The other day, my friend Jeff sent me an email detailing the latest benchmarking of his new 8 core Intel box. He had written a program to compute return rates for all possible draws in video poker. A few years ago, this program had taken a month of computer time to complete, and he wondered how how quickly it would run on his new box. The answer: around 12 hours.
This got me thinking back to my experience using Simon Singh’s “Cipher Challenge” that I did back in 2000. I hadn’t tried to solve Stage 9, because at the time it seemed a daunting task, requiring computational resources far in excess of what I had at the time. But Jeff’s email got me thinking, so I decided to run an experiment: how long would it really take?

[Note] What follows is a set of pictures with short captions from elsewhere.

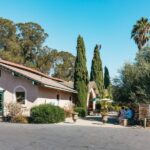 San Francisco: Half-Day Wine Country Excursion with Tastings - Scenic Drive Over the Golden Gate Bridge and Through Sausalito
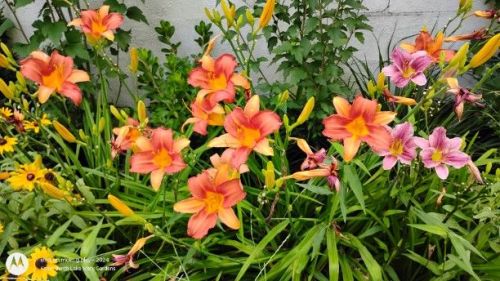 Daylily seedling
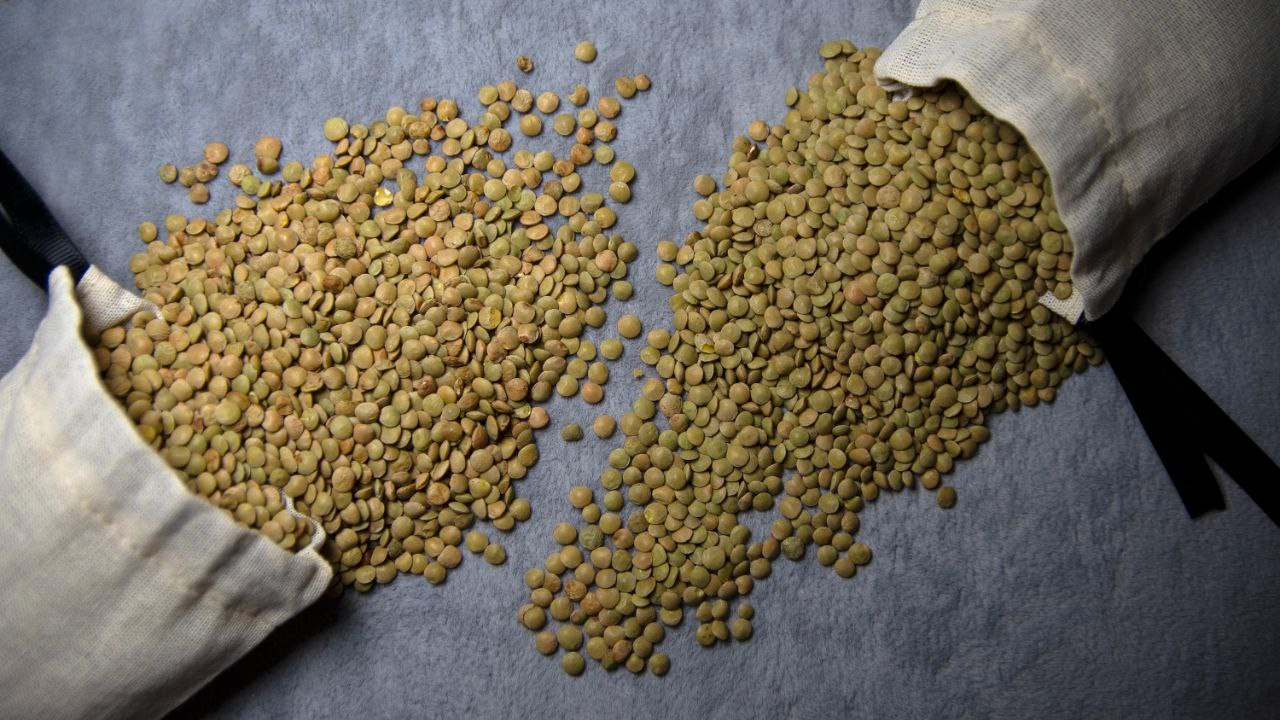 Green Lentils 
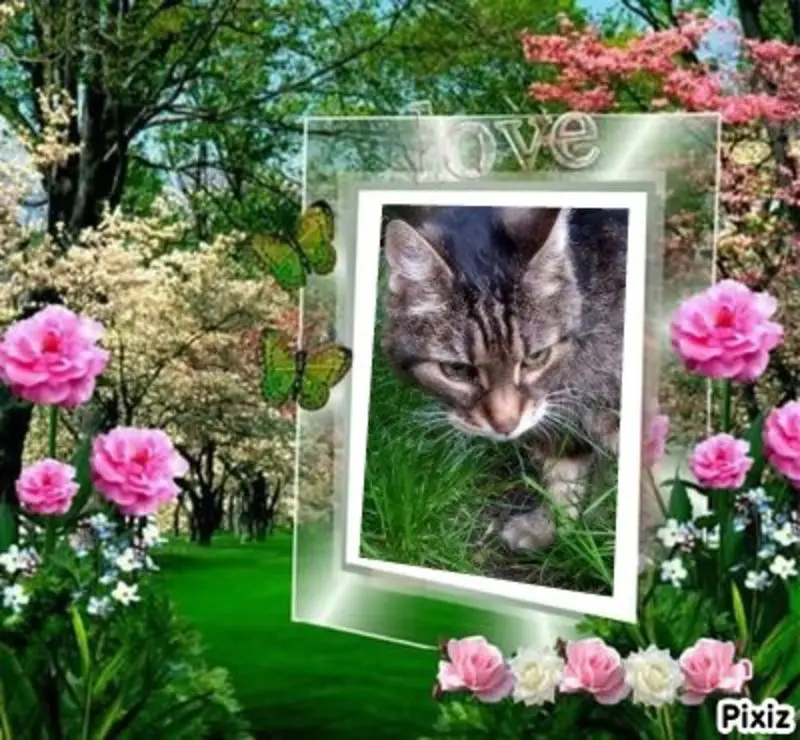 Andachtsbild von Sternchenpost ⭐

I didn’t have a fast, optimized DES implementation of my own, so I decided to dig around. It turns out that OpenSSL contains an implementation of DES, and a few minutes of writing some code verified that it could actually decode the challenge message. So, the question was: how long would it take to break this code?
Stage 8 had revealed 8 of the 56 key bits, leaving a keyspace of 2^48 entries left (about 281 trillion entries). So, I coded up a small test program that did a million DES_set_key calls, followed by a decryption of the message. I found that it took about 21 microseconds to do a test. On average, we’ll search half the keyspace (around 140 trillion keys) before we find the key, so if you multiply it out, you get…. 93.65 years. We have eight cores, which brings it down to about 11.7 years. Not so good…
But here’s the thing: we probably don’t have to really decode the entire message. If we believe that the output is ASCII, then each of the output bytes should have the top bit clear. Any block which doesn’t have this feature indicates our key is on the wrong track. The odds of getting all those bits clear by random chance is one in 256. If we try to only decode the first six blocks, then our chance that we got something wrong is about one in 2^48th, which is just about the size of the keyspace, so we’d probably wouldn’t see very many false positives. If we modify the rule to just check the first six blocks, then it only takes about 1.16 microseconds to do a key set and a decode. Now my single machine can get the run time down to 236 days. Still pretty darned slow actually. It’s clear that openssl’s DES implementation isn’t really up to the task. I suspect that there are software implementations which are several times faster than this. I’ll try to dig one up and see what could really be done.
Addendum: When I got home, I dug up a copy of Eric Young’s libdes library, and ran some basic speed tests using the “speed” program that’s part of the distributions. I wasn’t running it on the same machine, so the numbers aren’t directly comparable, but my home machine quite a bit slower. Nevertheless, I got some interesting numbers:
[chessboard] % ./speed Doing set_key for 10 seconds 29270676 set_key's in 10.00 seconds Doing des_encrypt's for 10 seconds 54502334 des_encrypt's in 9.93 second Doing des_cbc_encrypt on 1024 byte blocks for 10 seconds 402292 des_cbc_encrypt's of 1024 byte blocks in 10.00 second Doing des_ede_cbc_encrypt on 1024 byte blocks for 10 seconds 146870 des_ede_cbc_encrypt's of 1024 byte blocks in 10.01 second Doing crypt for 10 seconds 1731166 crypts in 9.92 second set_key per sec = 2927067.60 ( 0.342uS) DES raw ecb bytes per sec = 43909231.82 ( 0.182uS) DES cbc bytes per sec = 41194700.80 ( 0.194uS) DES ede cbc bytes per sec = 15024463.54 ( 0.532uS) crypt per sec = 174512.70 ( 5.730uS)
If you add the set_key time to 48 times the raw ecb encode, you get about 9 microseconds. Using both of its two cores, that works out to about 20 years. That’s about 31 times slower, or nearly 8x slower per core.